Developing with conda

Linux and macOS

System Requirements

On macOS, any modern XCode (6.4 or higher; the current version is 8.3.1) is sufficient.

On Linux, for this guide, we recommend using gcc 4.8 or 4.9, or clang 3.7 or higher. You can check your version by running

$ gcc --version

On Ubuntu 16.04 and higher, you can obtain gcc 4.9 with:

$ sudo apt-get install g++-4.9

Finally, set gcc 4.9 as the active compiler using:

export CC=gcc-4.9
export CXX=g++-4.9

Environment Setup and Build

First, let’s create a conda environment with all the C++ build and Python dependencies from conda-forge:

conda create -y -q -n pyarrow-dev \
      python=3.6 numpy six setuptools cython pandas pytest \
      cmake flatbuffers rapidjson boost-cpp thrift-cpp snappy zlib \
      brotli jemalloc -c conda-forge
source activate pyarrow-dev

Now, let’s clone the Arrow and Parquet git repositories:

mkdir repos
cd repos
git clone https://github.com/apache/arrow.git
git clone https://github.com/apache/parquet-cpp.git

You should now see

$ ls -l
total 8
drwxrwxr-x 12 wesm wesm 4096 Apr 15 19:19 arrow/
drwxrwxr-x 12 wesm wesm 4096 Apr 15 19:19 parquet-cpp/

We need to set some environment variables to let Arrow’s build system know about our build toolchain:

export ARROW_BUILD_TYPE=release

export ARROW_BUILD_TOOLCHAIN=$CONDA_PREFIX
export PARQUET_BUILD_TOOLCHAIN=$CONDA_PREFIX
export ARROW_HOME=$CONDA_PREFIX
export PARQUET_HOME=$CONDA_PREFIX

Now build and install the Arrow C++ libraries:

mkdir arrow/cpp/build
pushd arrow/cpp/build

cmake -DCMAKE_BUILD_TYPE=$ARROW_BUILD_TYPE \
      -DCMAKE_INSTALL_PREFIX=$ARROW_HOME \
      -DARROW_PYTHON=on \
      -DARROW_BUILD_TESTS=OFF \
      ..
make -j4
make install
popd

Now, optionally build and install the Apache Parquet libraries in your toolchain:

mkdir parquet-cpp/build
pushd parquet-cpp/build

cmake -DCMAKE_BUILD_TYPE=$ARROW_BUILD_TYPE \
      -DCMAKE_INSTALL_PREFIX=$PARQUET_HOME \
      -DPARQUET_BUILD_BENCHMARKS=off \
      -DPARQUET_BUILD_EXECUTABLES=off \
      -DPARQUET_ZLIB_VENDORED=off \
      -DPARQUET_BUILD_TESTS=off \
      ..

make -j4
make install
popd

Now, build pyarrow:

cd arrow/python
python setup.py build_ext --build-type=$ARROW_BUILD_TYPE \
       --with-parquet --with-jemalloc --inplace

If you did not build parquet-cpp, you can omit --with-parquet.

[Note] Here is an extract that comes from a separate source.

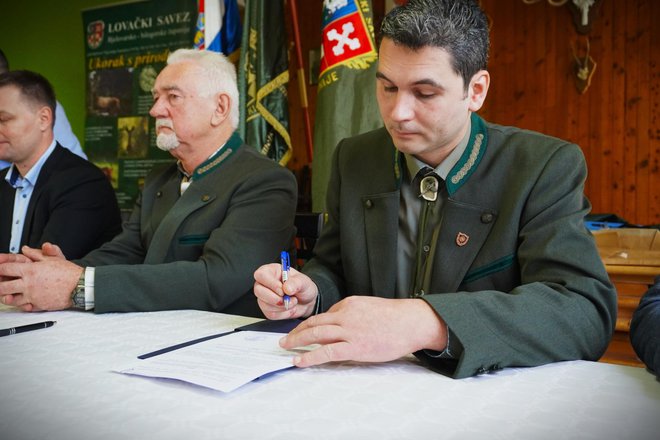 Branko Pucarin potpisuje ugovor o subvenciji/Foto: Nikica Puhalo/MojPortal.hr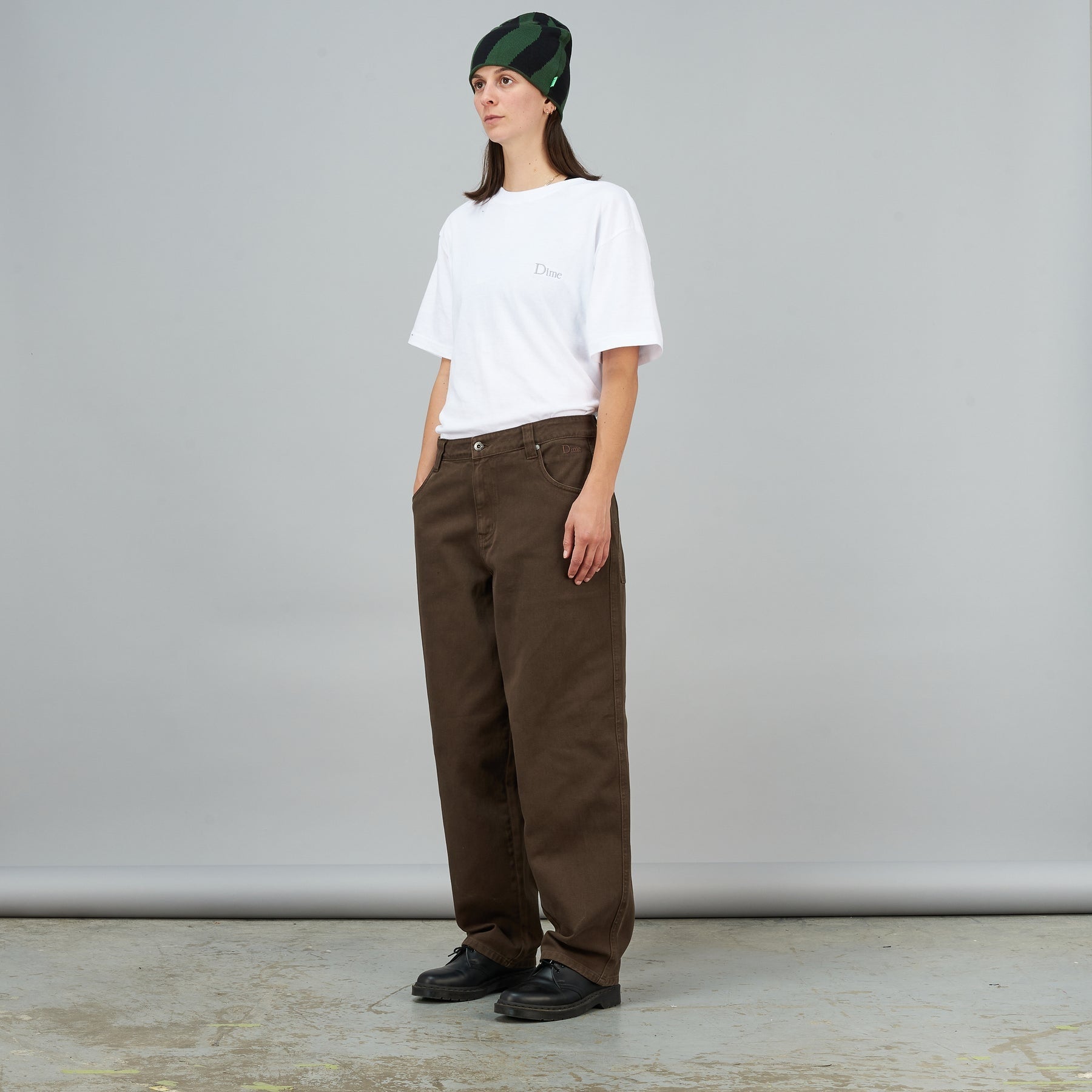 Classic Baggy Denim Pants - Brown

You should be able to run the unit tests with:

$ py.test pyarrow
================================ test session starts ====================
platform linux -- Python 3.6.1, pytest-3.0.7, py-1.4.33, pluggy-0.4.0
rootdir: /home/wesm/arrow-clone/python, inifile:
collected 198 items

pyarrow/tests/test_array.py ...........
pyarrow/tests/test_convert_builtin.py .....................
pyarrow/tests/test_convert_pandas.py .............................
pyarrow/tests/test_feather.py ..........................
pyarrow/tests/test_hdfs.py sssssssssssssss
pyarrow/tests/test_io.py ..................
pyarrow/tests/test_ipc.py ........
pyarrow/tests/test_jemalloc.py ss
pyarrow/tests/test_parquet.py ....................
pyarrow/tests/test_scalars.py ..........
pyarrow/tests/test_schema.py .........
pyarrow/tests/test_table.py .............
pyarrow/tests/test_tensor.py ................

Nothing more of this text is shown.